> _PROMPT_
Look through the entries below for the line with "Peony In Blue" and the line with "Trumpet/Mermaid Sleeveless Halter", then give again exactly those two lines and all lines between them, minus the pictures.

> _DATA SUPPLIED_
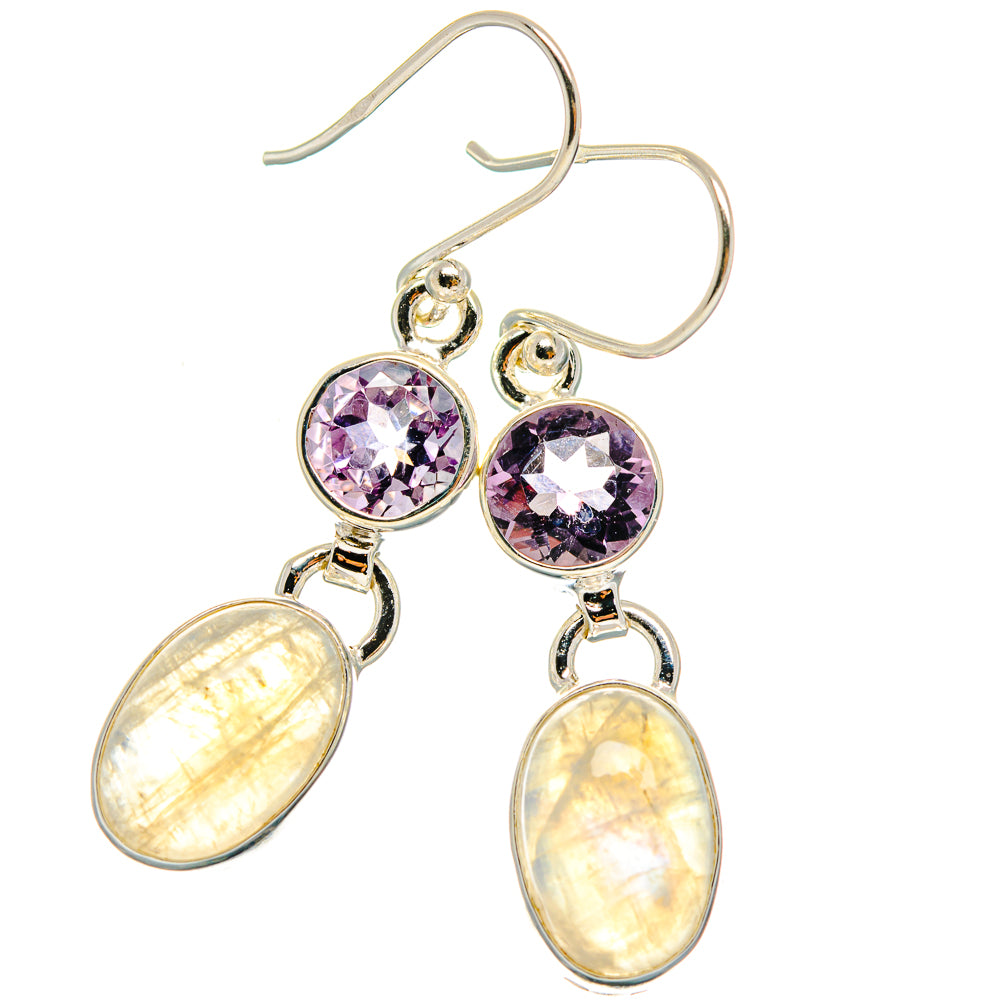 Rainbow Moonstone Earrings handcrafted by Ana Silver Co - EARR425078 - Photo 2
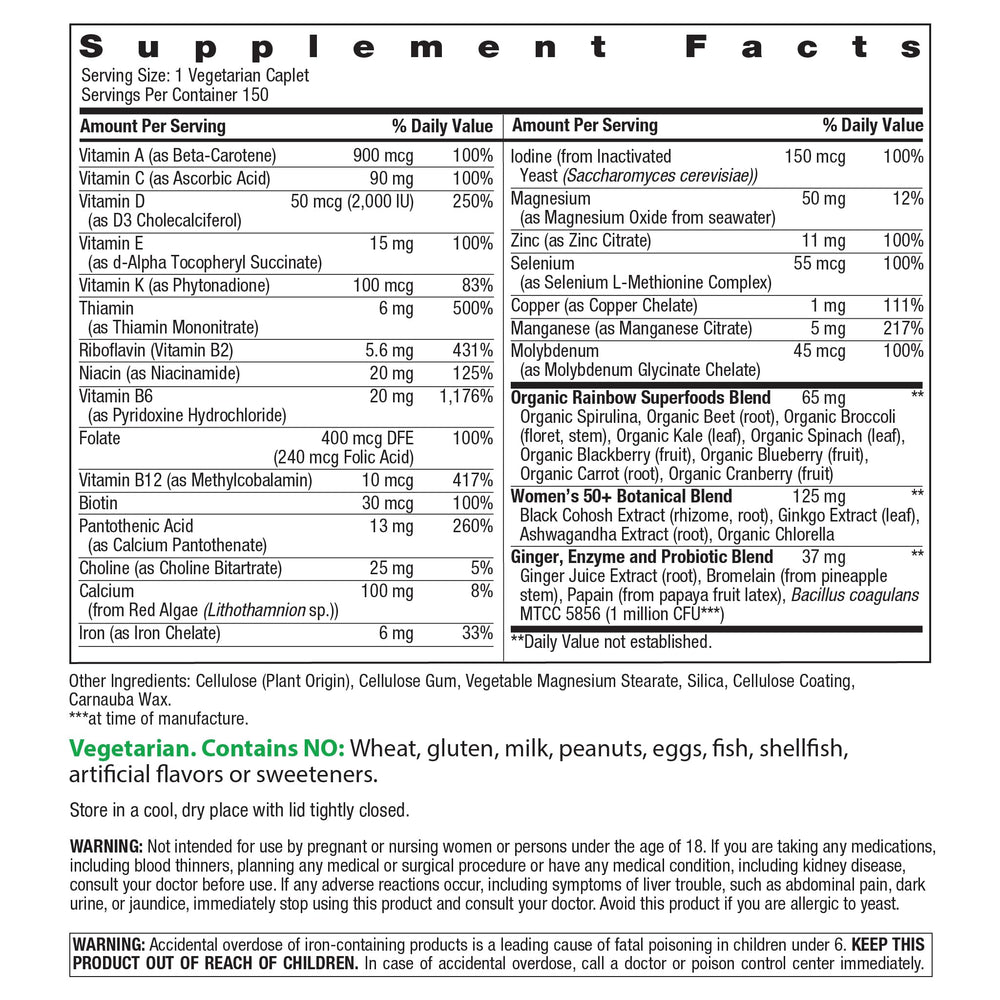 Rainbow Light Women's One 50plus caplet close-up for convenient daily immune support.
--
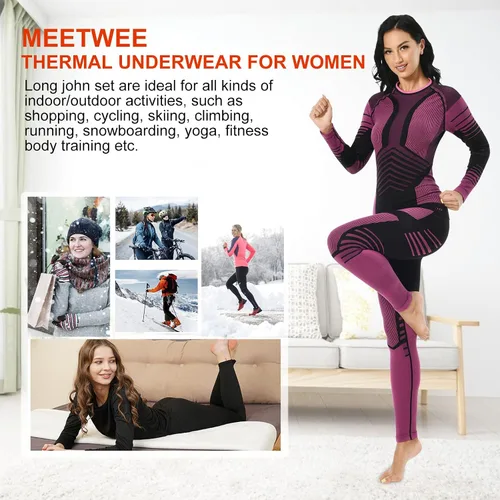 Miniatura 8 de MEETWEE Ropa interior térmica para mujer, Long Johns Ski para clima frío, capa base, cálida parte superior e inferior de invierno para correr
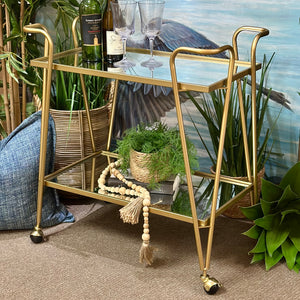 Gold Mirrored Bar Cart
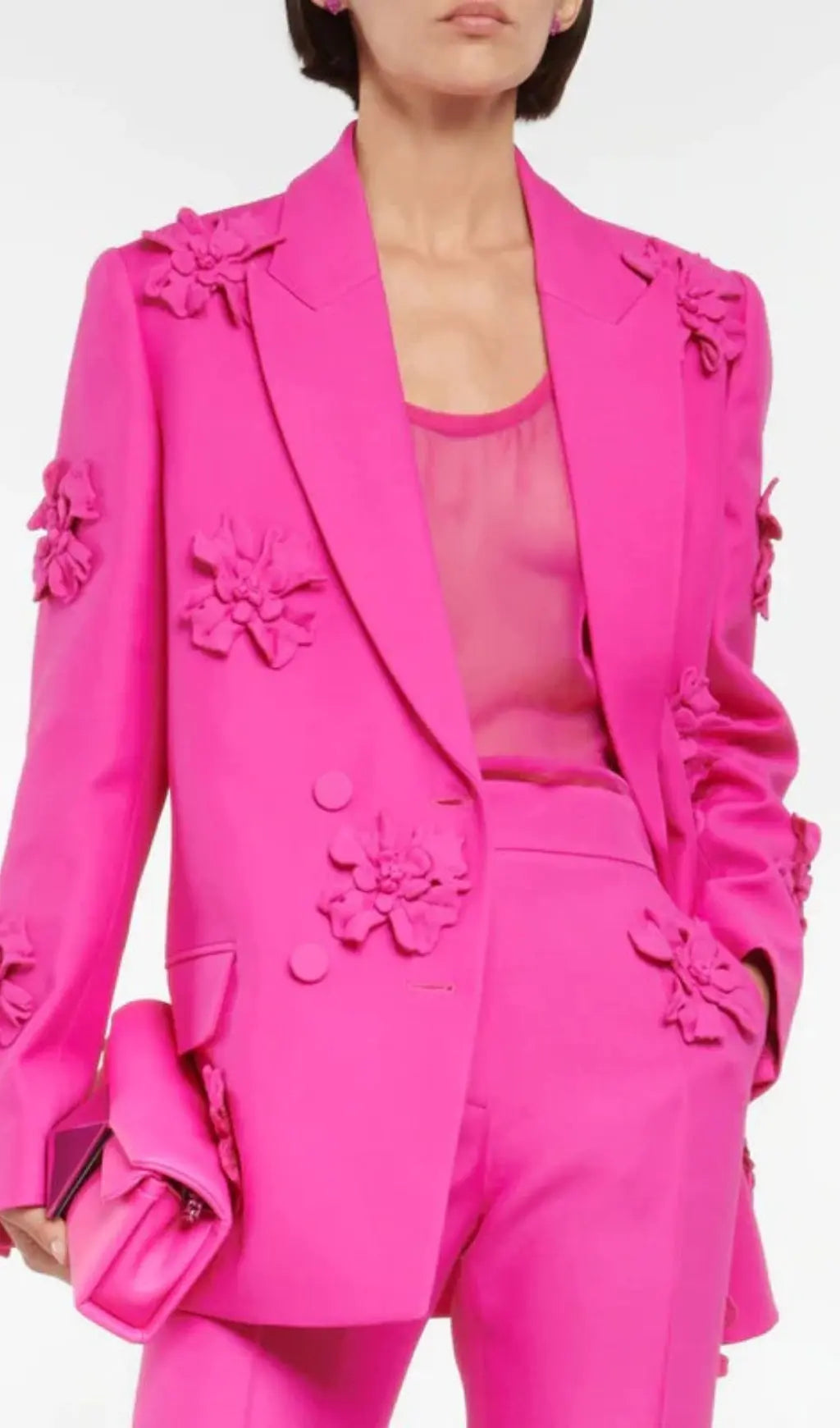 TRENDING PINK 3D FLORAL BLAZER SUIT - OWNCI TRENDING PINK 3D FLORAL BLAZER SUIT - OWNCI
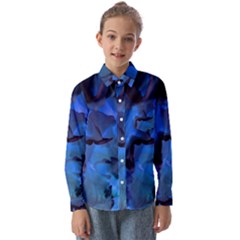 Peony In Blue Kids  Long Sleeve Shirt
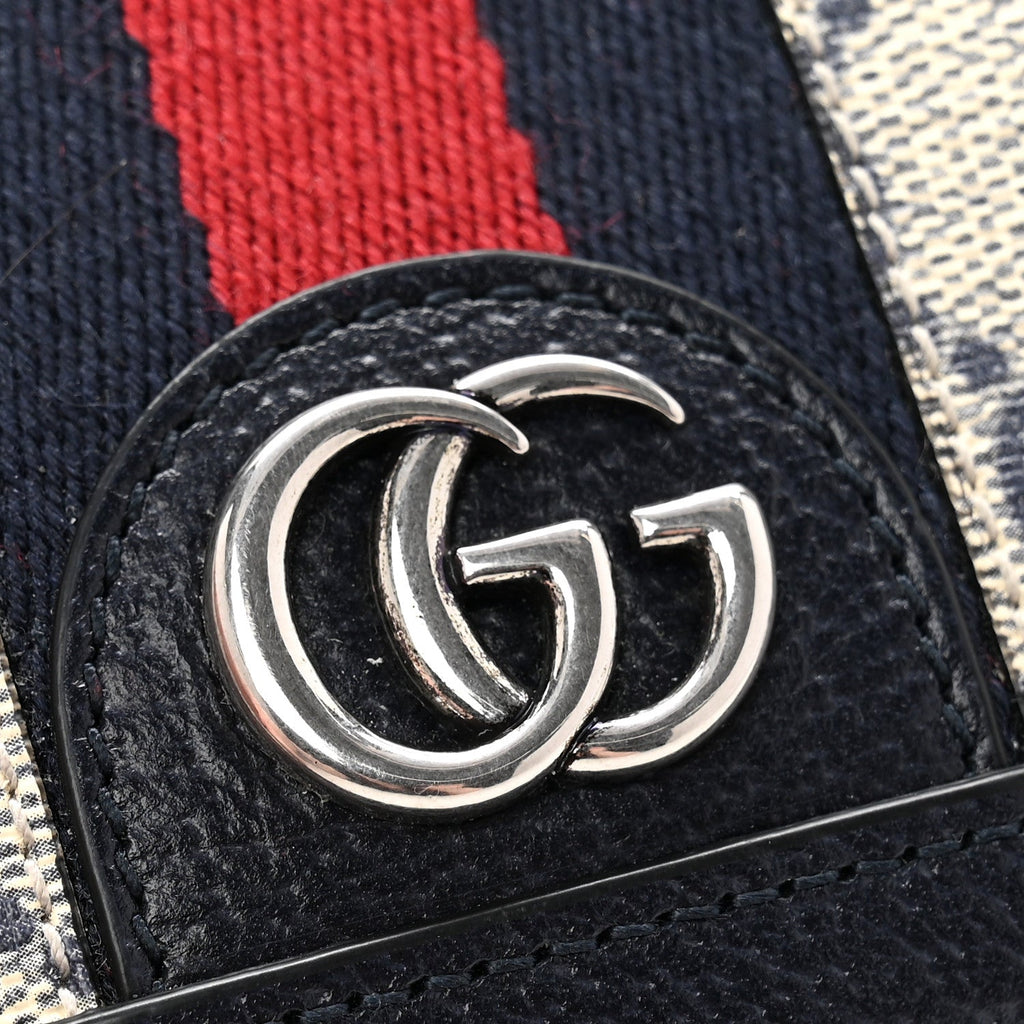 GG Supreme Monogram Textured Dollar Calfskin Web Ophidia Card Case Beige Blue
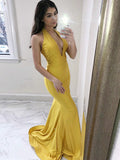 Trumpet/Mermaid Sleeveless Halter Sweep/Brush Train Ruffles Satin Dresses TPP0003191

> _THE COMPLETED TASK_
 Peony In Blue Kids  Long Sleeve Shirt
 GG Supreme Monogram Textured Dollar Calfskin Web Ophidia Card Case Beige Blue
 Trumpet/Mermaid Sleeveless Halter Sweep/Brush Train Ruffles Satin Dresses TPP0003191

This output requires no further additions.